When I wanted to do some more visually-striking effects and modifications to my photos, I’d have to turn to other software like Photoshop or even Picnik.  I love the wealth of bold, visually-diverse effects I can apply to really make my photography — however meager it may be in artistic value — really stand out.

One day, I found Snapseed in the iTunes App Store, and it was on sale for the rock bottom price of free.  I rarely turn down opportunities to download paid apps when they’re available for free, even if I don’t keep them on my iPad.  But once I started using Snapseed, I was hooked.  Even at its regular price of a few bucks, it’s worth the cost a hundred times over.  Not only can I do the fairly mundane tweaks like brightness and contrast, but also some really amazing effects as well.

If you have an iPad, I would highly recommend picking up Apple’s Camera Connection Kit.  Not only can you copy your photos from your camera or SD card to your iPad, you can copy the RAW files from your digital SLR cameras for the highest possible quality.  Snapseed supports both RAW and JPG files.  Once you load up a photo, you are presented with a simple set of tools that are titled and arranged for easy accessibility for both novices and the skilled alike.  When you select a tool, it’s as simple as swiping your finger left and right to select the amount of effect you want to apply.  Swiping up and down lets you toggle through a subset of other adjustments you can make within the tool.  For example, under the “Tune Image” tool, you have options for brightness, contrast, “ambiance,” saturation, and white balance.  The latter was a key tool for me, as setting custom white balance was a key thing I looked in an alternative to Nikon’s View NX.

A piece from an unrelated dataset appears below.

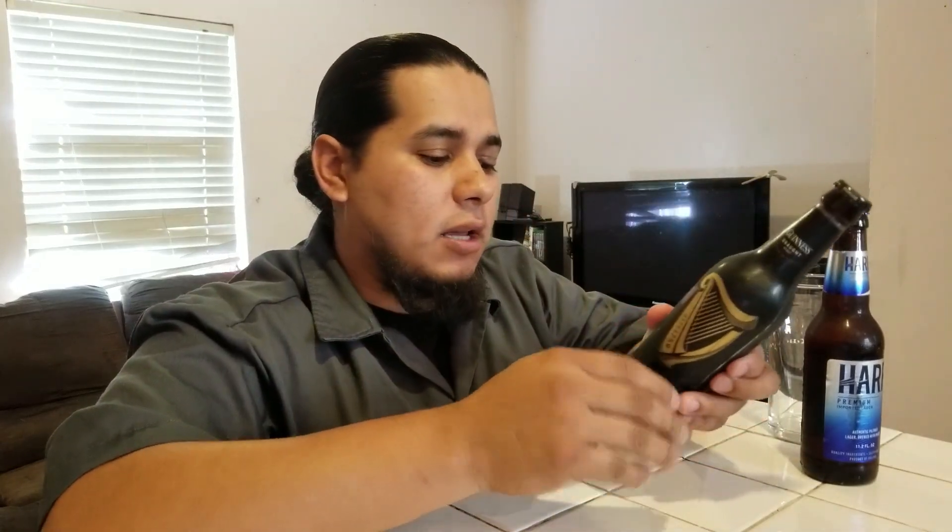Hey, what's up, the Brew Dude is back here with another beer or two. Today we're going to mix these two bad boys and make a drink that has been referred to as Black and Tan, or in Ireland a little bit more referred to as Half and Half.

The user interface is extremely well-designed.  It’s elegant in its simplicity, but smart in its offerings.  Certain tools give you a “loupe” tool that allows you to hone in on the detail of the image as you adjust so you see precisely how you’re affecting things.  The press-and-hold toggle “Compare” button is a great way to flip between the before and after of your modifications.  Undo’s make it easy to go back and try different things and learn about how combinations of effects produce different end results, and the revert option brings you back to the original to start from the beginning.  My favorite of the tools is the “selective adjust,” which allows you to drop multiple “control points” to which you can adjust the brightness, contrast and saturation of specific areas of your photo.

The results you get are truly amazing, and contrary to mixed reviews on the App Store, you can save full-resolution JPG files out of Snapseed (up to 16 megapixels on the iPad 2).  At first it wasn’t working for me, but after some diligent web searching, I think I found the key to making full-resolution output work.  It seems you have to enable “Location Services” for Snapseed in the Settings of your iOS device.  I’m not sure why that is, but it seems to be the thing that made it work.

And boy does it work!  I was skeptical about how well an iOS app could make DSLR photos look, so I decided to get a large blowup print made of one of my Snapseed creations.  I ordered a one-hour 20×30″ enlargement from my local Sam’s Club photo department, which I think is a steal at just nine bucks.  I was blown away by the quality, the sharpness and the bold look I was able to create without any of my photos even touching a computer (except for the online ordering of the print).  I bought an 18×24″ barnwood frame from my local hobby store to hang it up in my house because I was so blown away by the result (see photo #4 on the left).

If you’re even a mildly-serious photographer who loves instant gratification, Snapseed is a great tool to have.  Pair it with an iPad 2 and the Apple Camera Connection Kit, and you have a complete lens to print solution that fits entirely in your camera backpack.  If you have a 3G iPad 2, you could tweak your photos and send them to your Flickr account right from the wooded trail you took them on.  That, I have to say, is what gets me excited about technology — the prospects of boundless creativity made accessible and affordable wherever you are.